*** Opening of RECORD EXTRACTS ***
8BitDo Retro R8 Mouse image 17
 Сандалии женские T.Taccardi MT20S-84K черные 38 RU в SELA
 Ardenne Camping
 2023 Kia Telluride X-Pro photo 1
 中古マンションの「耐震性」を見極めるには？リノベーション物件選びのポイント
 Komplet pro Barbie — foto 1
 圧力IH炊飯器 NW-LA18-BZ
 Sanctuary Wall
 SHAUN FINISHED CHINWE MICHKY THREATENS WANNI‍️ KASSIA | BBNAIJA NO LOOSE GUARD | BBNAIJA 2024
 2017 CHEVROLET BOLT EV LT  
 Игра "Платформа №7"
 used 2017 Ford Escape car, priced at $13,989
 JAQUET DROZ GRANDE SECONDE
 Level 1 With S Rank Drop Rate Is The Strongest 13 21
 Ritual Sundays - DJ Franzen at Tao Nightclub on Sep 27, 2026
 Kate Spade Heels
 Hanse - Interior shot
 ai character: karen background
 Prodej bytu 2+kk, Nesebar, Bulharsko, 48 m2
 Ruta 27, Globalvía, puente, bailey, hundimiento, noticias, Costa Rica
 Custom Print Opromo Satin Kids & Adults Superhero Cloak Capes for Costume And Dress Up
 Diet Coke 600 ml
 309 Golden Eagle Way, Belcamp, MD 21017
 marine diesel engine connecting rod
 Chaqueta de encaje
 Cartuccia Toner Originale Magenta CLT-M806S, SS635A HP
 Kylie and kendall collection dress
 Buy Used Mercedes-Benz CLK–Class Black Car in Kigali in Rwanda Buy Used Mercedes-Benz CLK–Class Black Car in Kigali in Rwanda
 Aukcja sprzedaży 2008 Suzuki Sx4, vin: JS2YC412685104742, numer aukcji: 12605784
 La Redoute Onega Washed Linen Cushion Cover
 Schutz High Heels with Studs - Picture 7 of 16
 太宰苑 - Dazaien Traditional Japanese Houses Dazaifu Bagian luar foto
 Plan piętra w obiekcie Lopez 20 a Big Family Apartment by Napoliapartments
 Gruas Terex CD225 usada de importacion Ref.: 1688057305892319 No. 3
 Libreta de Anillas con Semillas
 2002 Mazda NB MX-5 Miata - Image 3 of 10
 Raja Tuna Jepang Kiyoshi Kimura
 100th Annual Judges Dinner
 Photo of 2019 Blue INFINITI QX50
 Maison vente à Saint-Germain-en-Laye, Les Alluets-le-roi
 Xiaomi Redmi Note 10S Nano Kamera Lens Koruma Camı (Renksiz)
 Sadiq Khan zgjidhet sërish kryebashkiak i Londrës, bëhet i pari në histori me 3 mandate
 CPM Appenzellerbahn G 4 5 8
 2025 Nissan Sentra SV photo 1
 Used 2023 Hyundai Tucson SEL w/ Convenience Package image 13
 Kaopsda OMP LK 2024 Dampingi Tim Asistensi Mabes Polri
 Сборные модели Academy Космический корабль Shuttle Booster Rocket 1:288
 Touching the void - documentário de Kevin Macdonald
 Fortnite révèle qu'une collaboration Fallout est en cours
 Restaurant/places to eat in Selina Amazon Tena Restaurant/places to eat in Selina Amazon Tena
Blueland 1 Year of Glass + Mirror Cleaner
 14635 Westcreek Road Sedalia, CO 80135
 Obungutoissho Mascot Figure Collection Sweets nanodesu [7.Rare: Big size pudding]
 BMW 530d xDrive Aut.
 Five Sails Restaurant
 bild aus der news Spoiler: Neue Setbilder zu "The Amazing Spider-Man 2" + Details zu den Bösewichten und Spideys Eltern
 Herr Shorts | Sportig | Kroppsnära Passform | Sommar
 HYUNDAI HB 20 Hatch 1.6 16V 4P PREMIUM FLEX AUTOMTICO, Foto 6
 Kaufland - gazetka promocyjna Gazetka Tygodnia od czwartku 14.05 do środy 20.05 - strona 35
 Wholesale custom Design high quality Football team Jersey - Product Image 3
*** Close of RECORD EXTRACTS ***
» REQUIREMENT
Give back exactly the lines above starting at the line where "2025 Nissan Sentra SV photo 1" appears and ending at the line where "14635 Westcreek Road Sedalia, CO 80135" appears, both included, with no other lines.

» EXERCISE RESPONSE
 2025 Nissan Sentra SV photo 1
 Used 2023 Hyundai Tucson SEL w/ Convenience Package image 13
 Kaopsda OMP LK 2024 Dampingi Tim Asistensi Mabes Polri
 Сборные модели Academy Космический корабль Shuttle Booster Rocket 1:288
 Touching the void - documentário de Kevin Macdonald
 Fortnite révèle qu'une collaboration Fallout est en cours
 Restaurant/places to eat in Selina Amazon Tena Restaurant/places to eat in Selina Amazon Tena
Blueland 1 Year of Glass + Mirror Cleaner
 14635 Westcreek Road Sedalia, CO 80135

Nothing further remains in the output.